GS Home Shopping: Hanjin's white knight The company apparently helps the Hanjin owner family to pay inheritance tax in time

Translated by Ryu Ho-joung 공개 2019-10-28 08:00:00

이 기사는 2019년 10월 28일 08:00 더벨 유료페이지에 표출된 기사입니다.

GS Home Shopping, a TV shopping business unit of South Korea's conglomerate GS Group, acquires a partial stake in Hanjin Transportation, a logistics service arm of the country's another major conglomerate Hanjin Group, drawing attention to GS Group's intention behind the transaction.

The TV shopping company announced this week that it plans to buy a 6.87 percent stake in Hanjin Transportation, which used to be owned by Hanjin Group's late chairman Cho Yang-ho, for 25 billion won.

The company explained the purpose of the purchase was for a strategic investment to strengthen the relationship between the two firms. Indeed, the logistics service company makes deliveries of nearly 70 percent of the total orders processed by GS Home Shopping.

Some industry insiders, however, view this move as a favorable gesture by GS Home Shopping to help Hanjin Group's owner, the Cho family, to prepare funds to pay hefty inheritance tax amounting to 280 billion won.
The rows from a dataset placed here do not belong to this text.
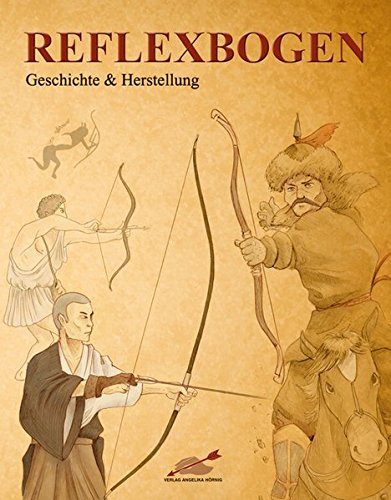 Download Reflexbogen: Geschichte und Herstellung Download Reflexbogen: Geschichte und Herstellung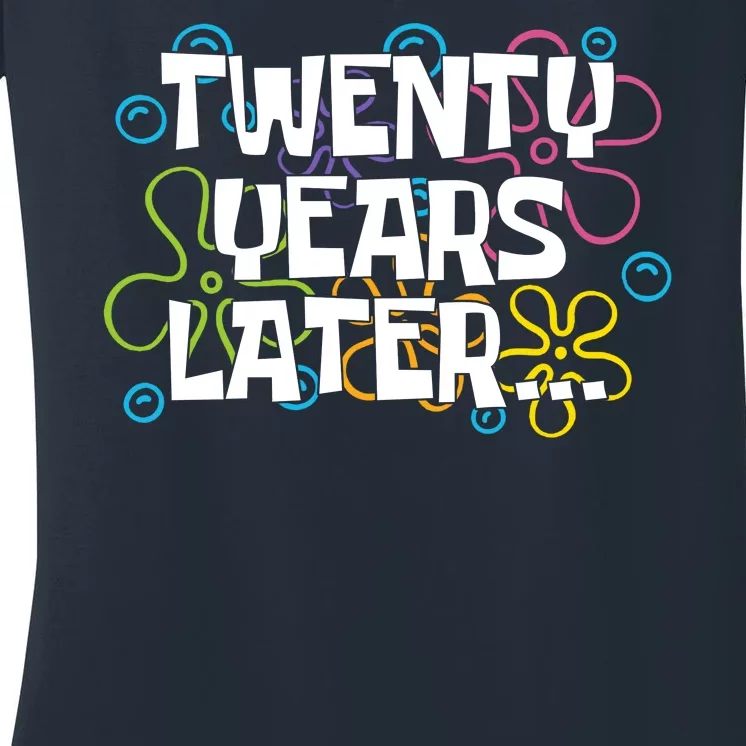 Twenty Years Later Funny 20th Birthday Gift Women's V-Neck T-Shirt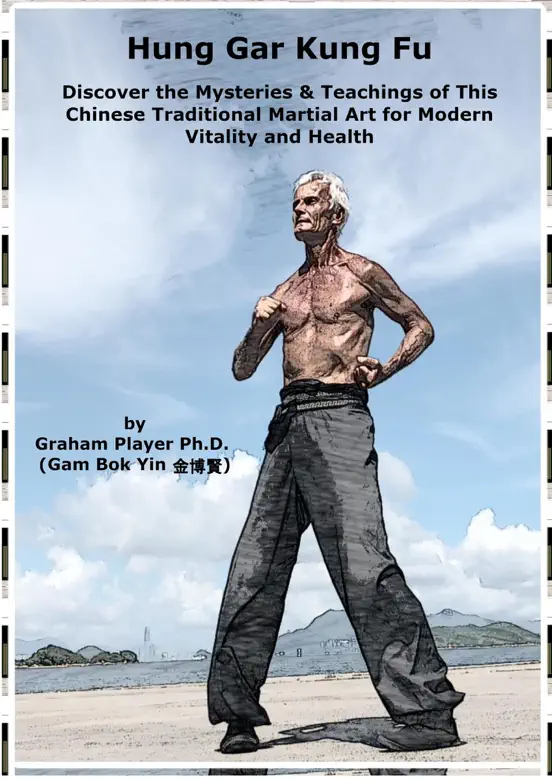 Hung Gar Kung Fu: Discover the Mysteries & Teachings of This Chinese Traditional Martial Art for Modern Vitality and Health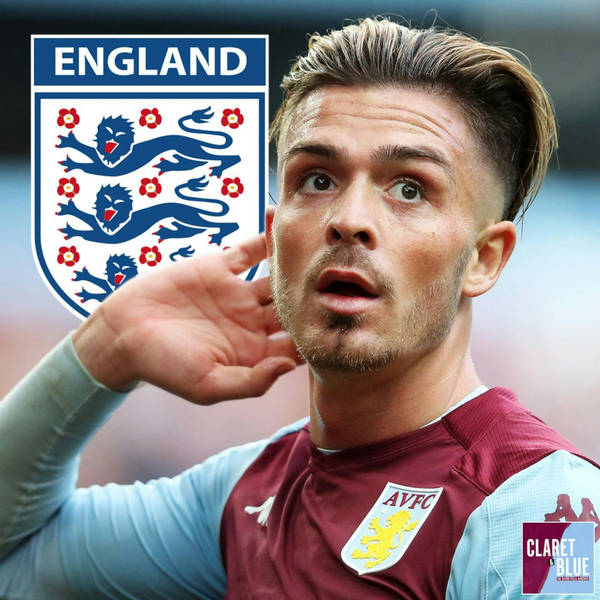 Claret & Blue Podcast #51 | JACK GREALISH CALLED UP BY GARETH SOUTHGATE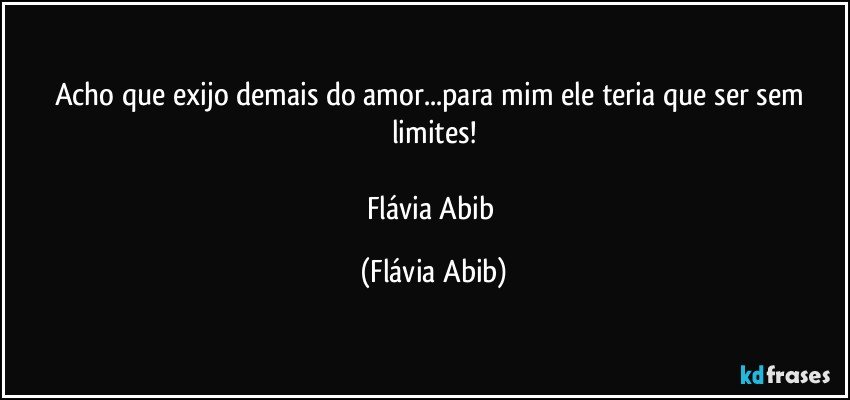 Acho que exijo demais do amor...para mim ele teria que ser sem limites!

Flávia Abib (Flávia Abib)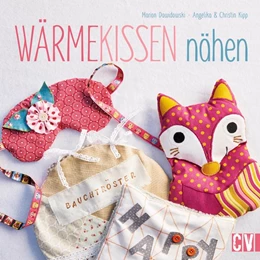Abbildung von Dawidowski / Kipp | Wärmekissen nähen | 1. Auflage | 2015 | beck-shop.de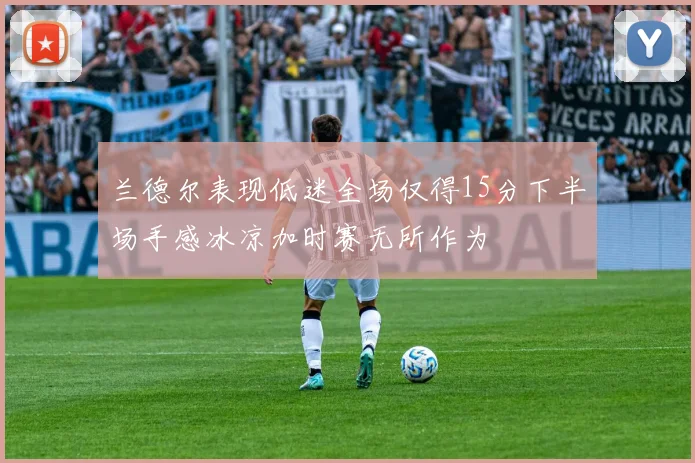 兰德尔表现低迷全场仅得15分下半场手感冰凉加时赛无所作为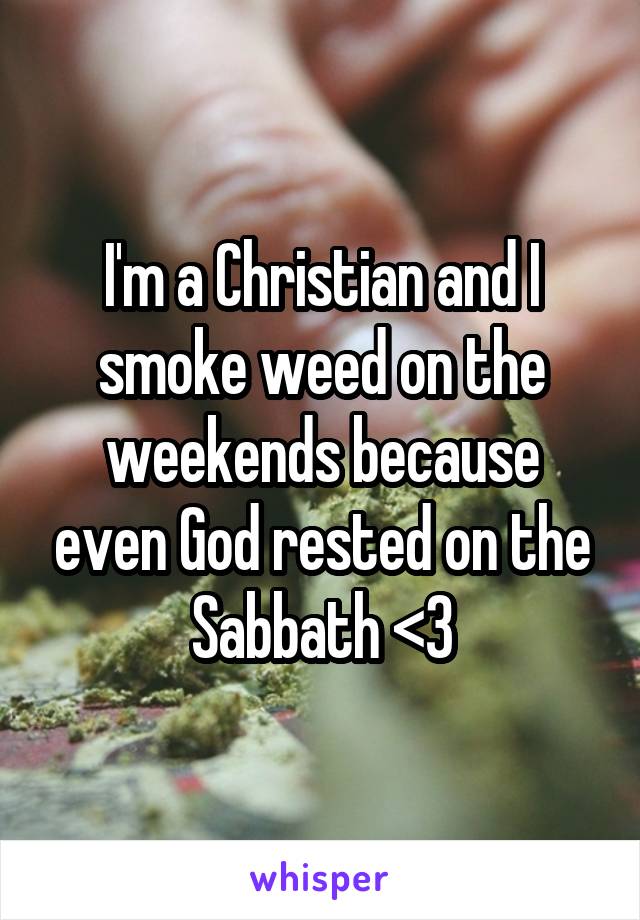 I'm a Christian and I smoke weed on the weekends because even God rested on the Sabbath <3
The Cho family is expected to pay the tax in six installments over five years, meaning the first installment of about 46.7 billion won would be due by the end of October. Cash from the sale of the stake should be a great help in paying the first installment in time.

In fact, the owner's family lost nothing from the sale. Selling a small portion of the stake would hardly affect their control over Hanjin Transportation. Besides, they are able to maintain their control indirectly through Hanjin KAL, which is the largest shareholder of the company with a 22.19 percent stake.

The Cho family has rather gained GS Home Shopping as an ally to defend against the threat to their controlling power. The owner family, including Cho Won-tae, a son of the late chairman and the current chairman of Hanjin Group, needs to inherit the late chairman's majority stake in Hanjin KAL, a holding company of the group, in order to control the group's major subsidiaries, including Korean Air.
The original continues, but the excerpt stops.